Con estos testimonios en nuestras manos, Jesús Abad y yo decidimos que había que emprender el viaje, al costo que fuera y, para eso, contratamos los servicios de un baquiano, para que nos guiara, y alquilamos unas mulas, y compramos alimentos con mucha carga calórica.
Con eso enfrentamos un camino agreste, lleno de brechas, bichos, maleza, precipicios y riesgos. Diez horas duró el trayecto hasta El Aro, porque partimos a las cinco de la mañana y llegamos a las tres de la tarde.
Cuando subíamos solo encontramos el vacío y el silencio de la montaña y parte de las 700 cabezas de ganado que se robaron los paramilitares, arriada por tres hombres que ni se percataron de nuestra presencia.
Ya en El Aro los testimonios recogidos en Puerto Valdivia empezaron a convertirse en realidad, pues nuestros ojos vieron un pueblo saqueado por los cuatreros y las llamas, como la foto que adjunto con este artículo, de Jesús Abad.
Todo estaba convertido en cenizas, inclusive, hasta la voluntad de unos pocos habitantes que aprovecharon la presencia del Ejército –ya haciendo control de la situación, cinco días después de la salida de los paramilitares- para rescatar lo poco que habían dejado las llamas.
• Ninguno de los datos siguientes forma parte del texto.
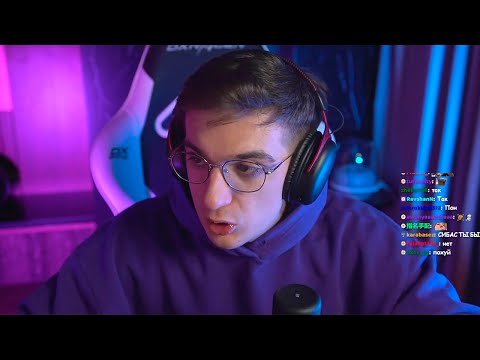 Видео: Итоги Года (Эвелон, Братишкин, Зубарев, Хесус, Злой)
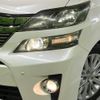 toyota vellfire 2012 -TOYOTA--Vellfire DBA-ANH20W--ANH20-8235229---TOYOTA--Vellfire DBA-ANH20W--ANH20-8235229- image 14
Ante esta realidad, Jesús Abad y yo solo tuvimos una sola impresión: regresar cuanto antes y contar lo que había pasado. El viaje de regreso fue más tortuoso, porque tuvimos que bajar por los riscos por donde habíamos subido, pegados al lomo y confiando en la intuición de las mulas, en medio de las sobras de la noche y guiados por una pequeña luz que nos indicaba dónde estaba Puerto Valdivia.
A las tres de la mañana llegamos al pueblo, muertos de hambre, presas del pánico y el cansancio y con lodo hasta las orejas. A esa hora, los campesinos nos recibieron como héroes, aterrados también por un regreso que creían imposible.
Las historias danzando en nuestras cabezas nos impidieron dormir y, más bien, nos impulsaron a bañarnos, comer algo y comenzar a escribir.